About this task:
Everything from the line containing "Figure 2 for" to the end of the listing, both included, should be returned exactly, apart from the pictures.

Supplied data:
- Opening Delimiter -

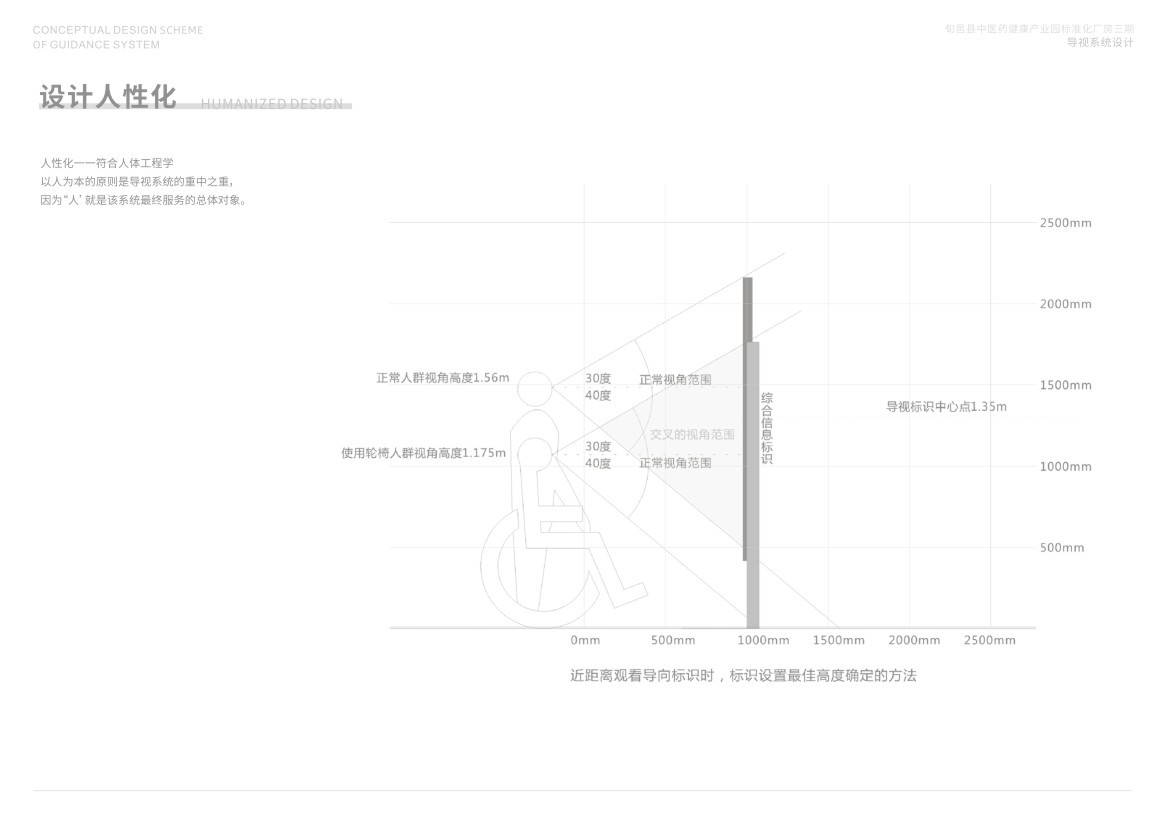 园（厂）区导视设计图3
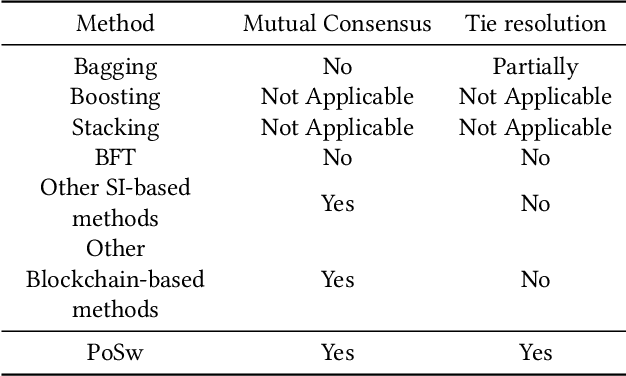 Figure 2 for Proof of Swarm Based Ensemble Learning for Federated Learning Applications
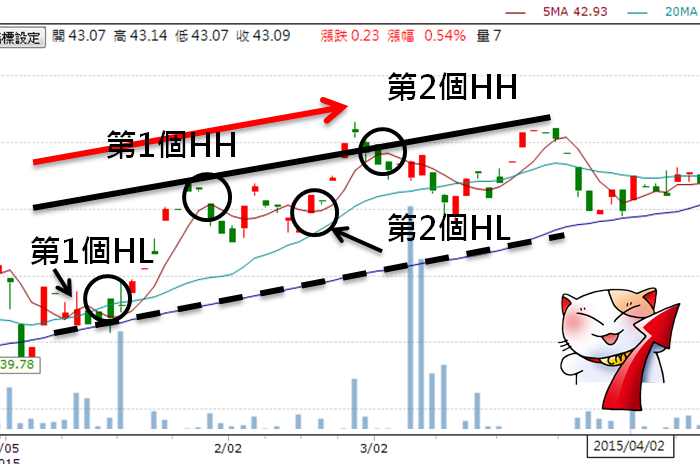 兩步驟 用技術分析找到etfs 買賣點 看懂了 下次不會再白賠價差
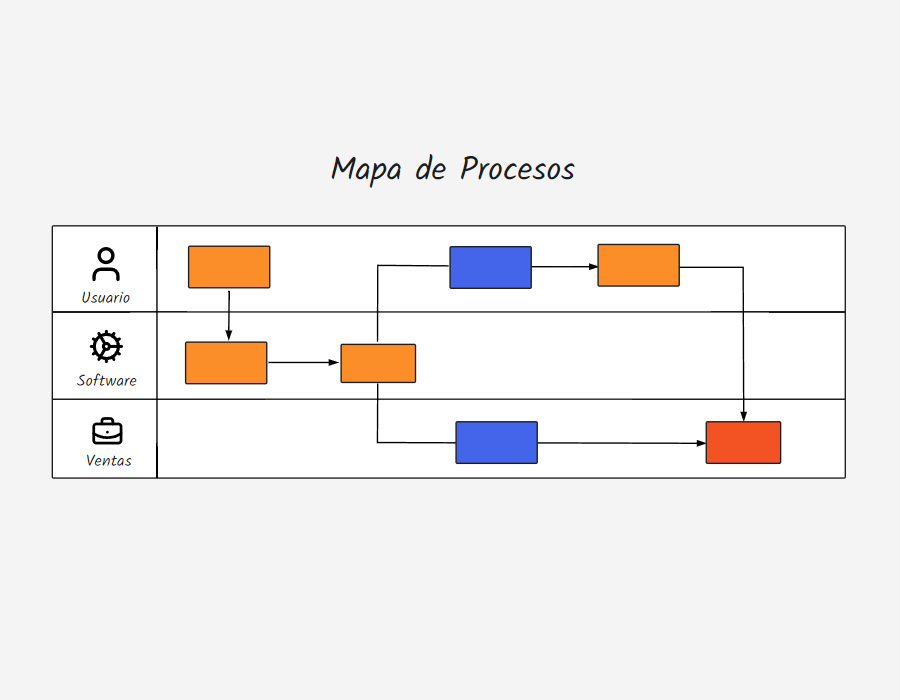 Process map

- Closing Delimiter -

Exercise output:
 Figure 2 for Proof of Swarm Based Ensemble Learning for Federated Learning Applications
 兩步驟 用技術分析找到etfs 買賣點 看懂了 下次不會再白賠價差
 Process map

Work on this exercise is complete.